Historic preservation organization in Atlanta

Atlanta Preservation Center is a nonprofit organization in Atlanta, Georgia dedicated to preserving and celebrating historic buildings. The organization hosts tours, brings awareness to what it sees as Atlanta's most endangered sites, and works to help preserve buildings directly or by donating their time and expertise.

== Tours ==
The organization hosts behind-the-scenes tours of historic places in Atlanta, including as part of its annual celebration of living landmarks it calls "Phoenix Flies". As of 2015, the organization gave 10 different tours around Atlanta.

== Preservation ==
The organization also restores historic structures and helps organize the process for listing sites on historic registries.
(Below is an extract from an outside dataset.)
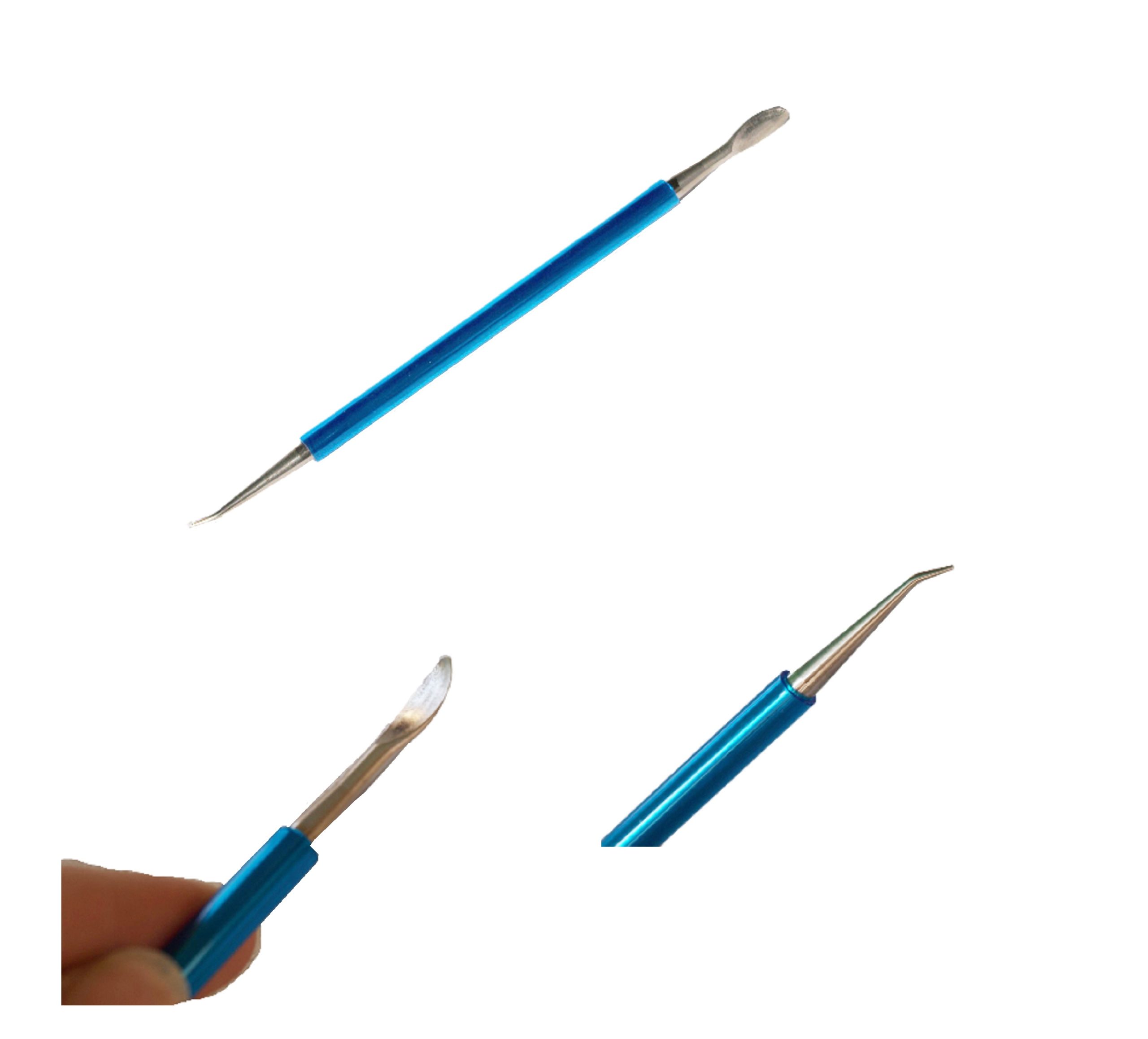 Sculpting tool spatula and claw. Blue grip.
It organized the process for getting English Avenue Elementary School successfully listed on the National Register of Historic Places in 2020. The center was also one of the cofounders of Easements Atlanta, along with the Atlanta History Center, to help mitigate the costs of preserving historic facades of buildings. It purchased Lemuel P. Grant Mansion in 2001 and has spent over $1 million restoring while using it as the group's headquarters.

== Most Endangered Historic Places list ==
The Center started publishing a Most Endangered Historic Places list in 2001. The list has helped to preserve buildings including the Georgian Terrace, King Plow Arts Center, the 1924 Rich's building.